9/23/2011 8:24 AM
By Anna Steely, Carousel30
Advertising Week DC was not just a success in itself, but I consider it a success for myself. This whole week provided me with knowledge and networking conveniently located all in one place. I learned so much and met so many great people. I cannot thank Ad Club DC enough.
The last day of Advertising Week I learned to listen. In the panel “The Future of Social…Where Will We Go Next?", moderated by Anthony Pappas of Pappas Group; and featuring Rich LaBarca, vice president of advertising products at Clearspring Technologies, Inc.; Eric Ludwig, senior director of online marketing at Rosetta Stone; and Brian Gluckman, director of public affairs at Glover Park Group.
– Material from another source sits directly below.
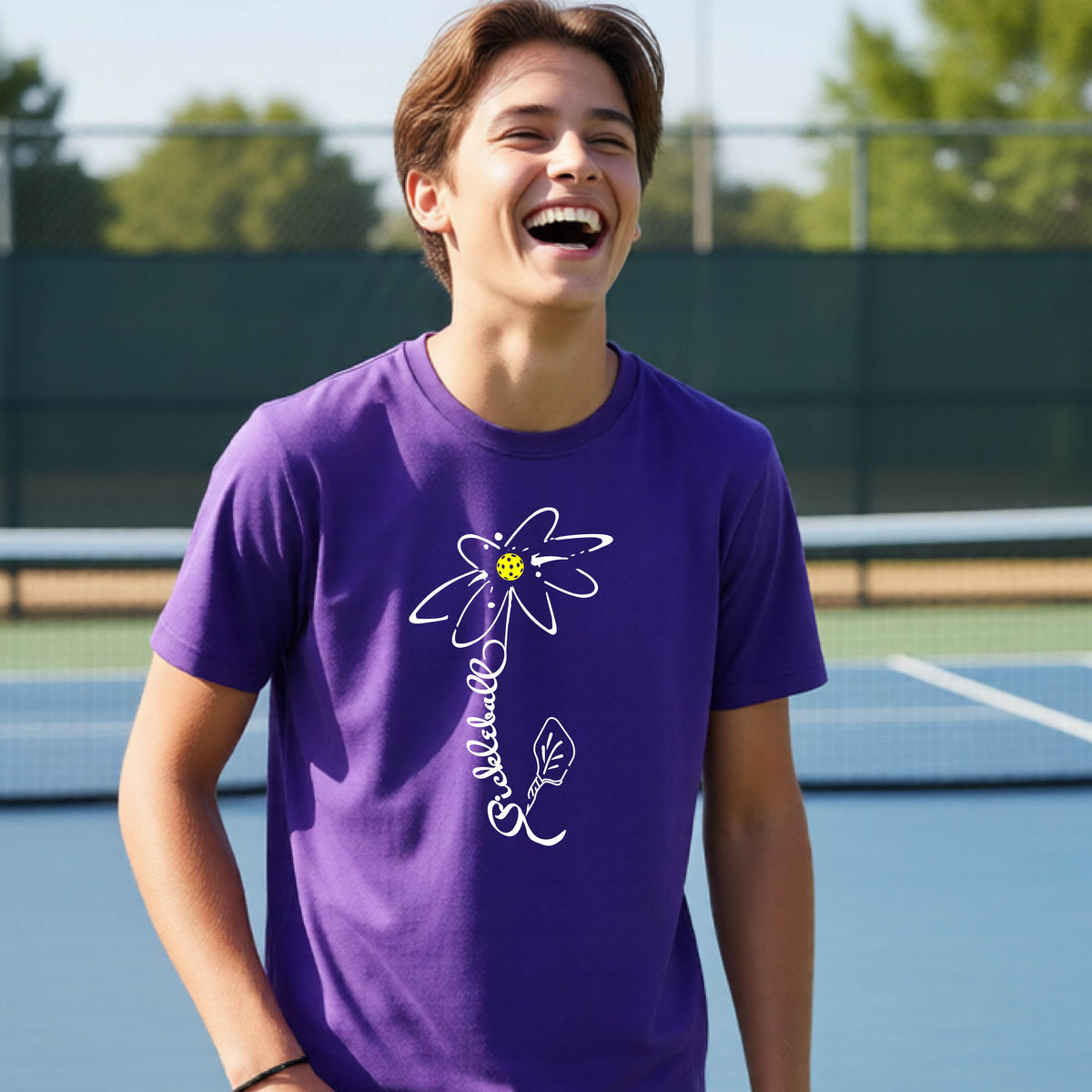 A teenager wearing a purple short-sleeve  t-shirt with a pickleball graphic of a flower with a flower that has a colorful pickleball as the center and the stem is made of the word ‘PICKLEBALL’ and the leaf is a pickleball paddle, standing on a pickleball court.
In social media, your brand is in the clients’ hands. You don’t create the content but, instead, your audience builds the content. You are only there to amplify it and stimulate your audience. Being social is not a new thing. The new thing is having the option of 30 different outlets to connect with people and share your digital world. Social benefits all brands by giving them the power to listen to what people want. It’s an unfiltered way to understand and hear how people feel.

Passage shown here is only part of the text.